Second, the pathways between the pools are lined with charged surfaces of protein complexes, protein/RNA complexes, and protein/DNA complexes with various surface charge distributions. The theory predicts that these metabolic and replicative vectorial pathways can have semiconducting properties. As the biomacromolecules are generally negatively charged, the cations can pass through all the pathways where the overall electrostatic potential is negative, while anions can pass only through pathways where the electrostatic potential is sufficiently low; further, singly and doubly charged anions are conditionally obliged to use different pathways depending on the electrostatic potential within the pathway; this is particularly applicable to the narrower pathways of the crowded biomacromolecular regions. Third, these pathways and pools are connected to membrane proteins (transporters, metabolic enzymes, and signal transduction components) and, through them, to the outside environment.

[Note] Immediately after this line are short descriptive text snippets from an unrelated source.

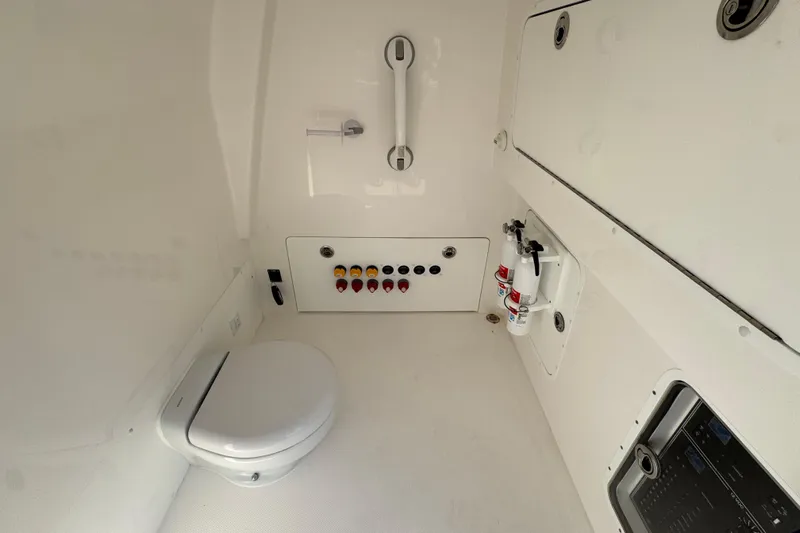  Yacht Photos Pics Interior of 2023 Invincible 35 Catamaran featuring a compact marine toilet and control panel.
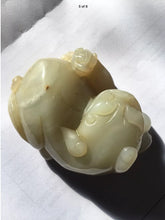 Load image into Gallery viewer, A small Chinese jade figure of a Buddhist lion with  cub.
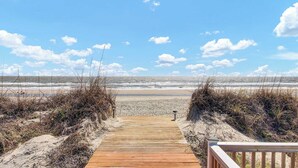 A wooden boardwalk leading to a beach with sand dunes and a clear view of the ocean.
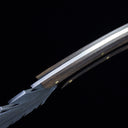 A side profile view of a custom fixed knife, showcasing the dark wood handle, silver blade with feather engraving, and brass pins against a dark background.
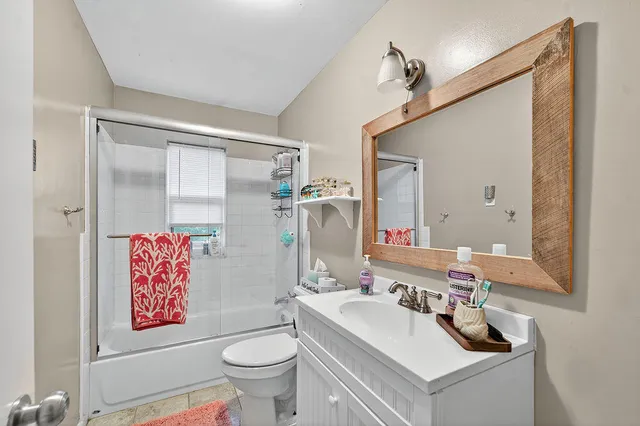 a bathroom with a sink a toilet and a mirror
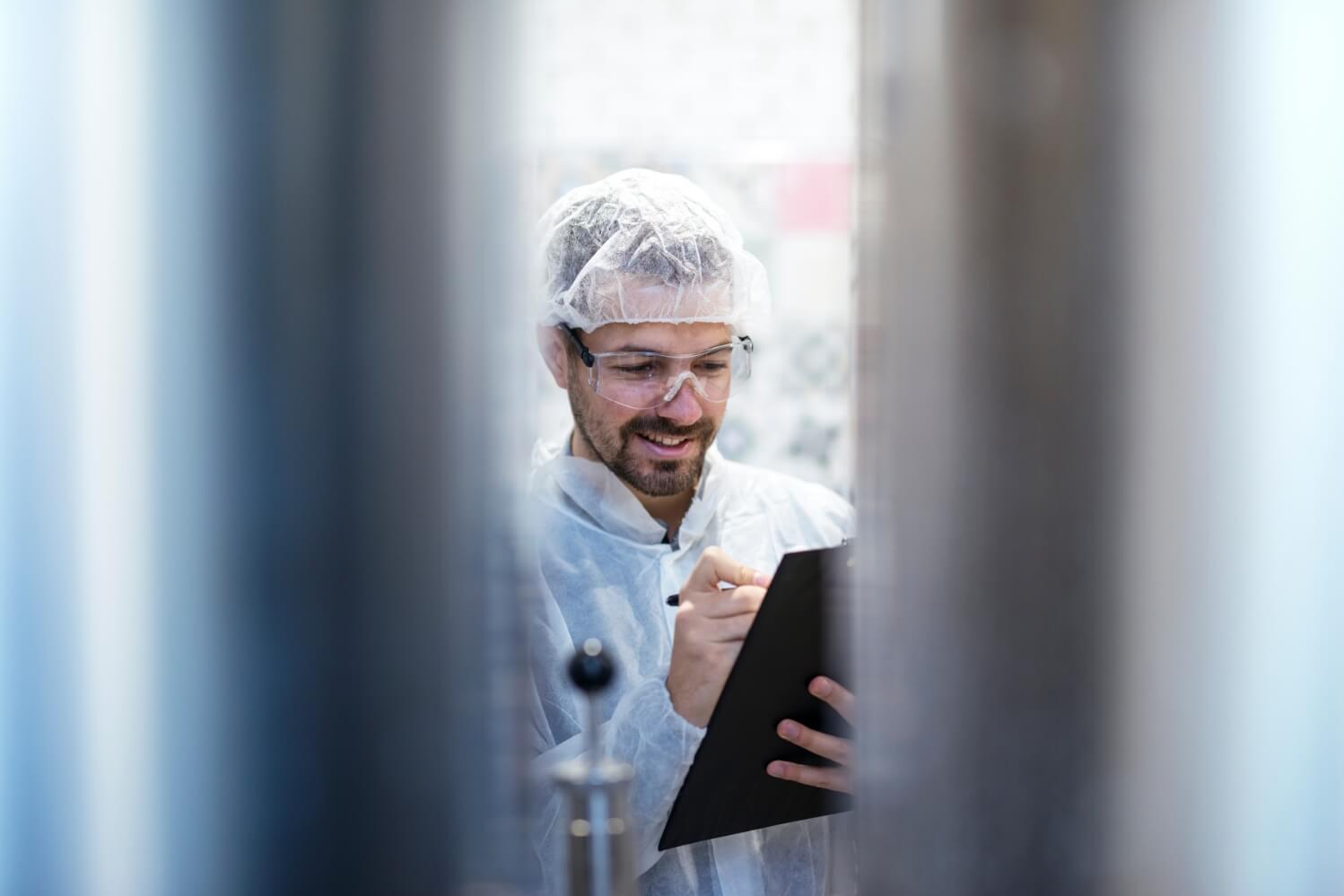 man carrying clipboard in sanitary warehouse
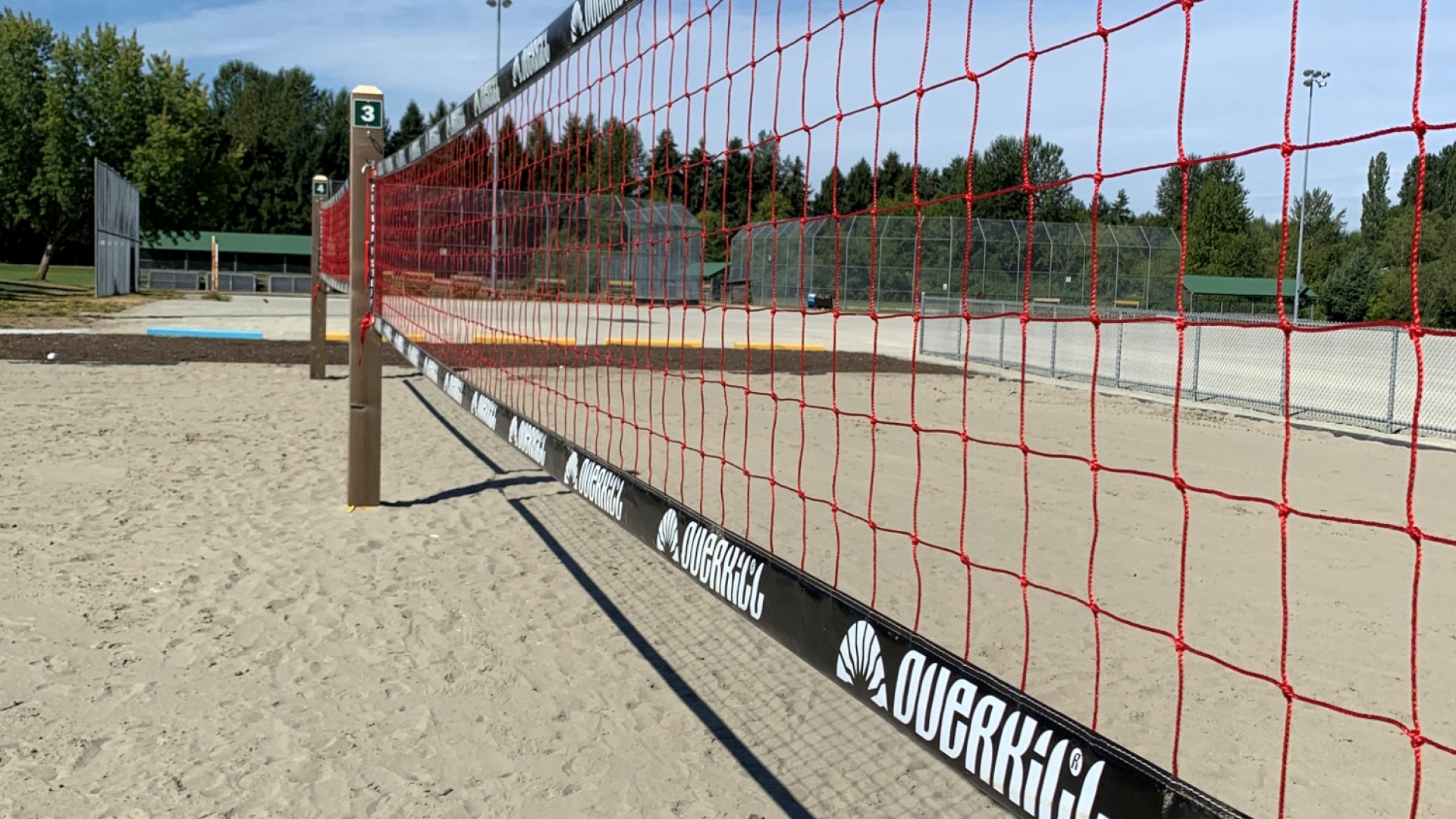 A close up of a volleyball next on a sandy beach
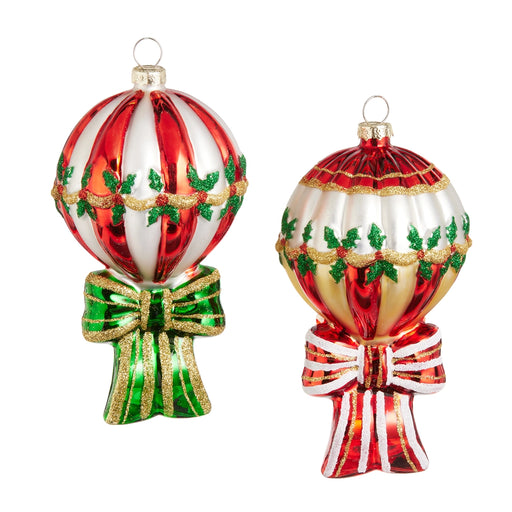 Two decorative glass hot air balloons with festive designs on a white background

An important aspect of the model of complex vectorial chemistry is that large biomacromolecular complexes cannot diffuse freely. Collectively, they begin to create an emergent vectorial structure or architecture of the protocytoplasm. Such dynamic structures of crowded biomacromolecular regions persist on longer time scales than the fast-diffusing low-molecular-weight metabolites that participate in biochemical reactions. As a rough approximation, the ionic currents occur on a time scale of about microseconds, while the dynamic nanostructure, as depicted in Fig. 1, persists on a time scale of about milliseconds; it evolves during cell growth on a time scale of seconds, while the cell divisions take place on a time scale of hours. As the cell grows, the crowded regions of biomacromolecular complexes may “digest” some of their own proteins (diminish in size), synthesize other proteins (grow), and generate low-molecular-weight metabolites that are either used right away (transported vectorially within the crowded biomacromolecular regions) or released into nearby pools for vectorial transport to lower-electrochemical-potential pools.

The model has a certain aspect of a packet-switching network (as in an Internet communication network where each message is broken into “packets” that travel via different pathways to the same destination): anionic metabolites (“informational packets,” typically anionic phosphate esters into which the classical biochemical pathways are broken up) can reach their destination by different pathways, i.e., their delivery is not dependent on one particular (fixed) vectorial pathway. Hence, the crowded biomacromolecular regions in Fig. 1, which are topologically complementary to the electrolyte pools, do not need to contain enzymes that are associated with the classical (time-invariant) metabolic and signaling biochemical pathways.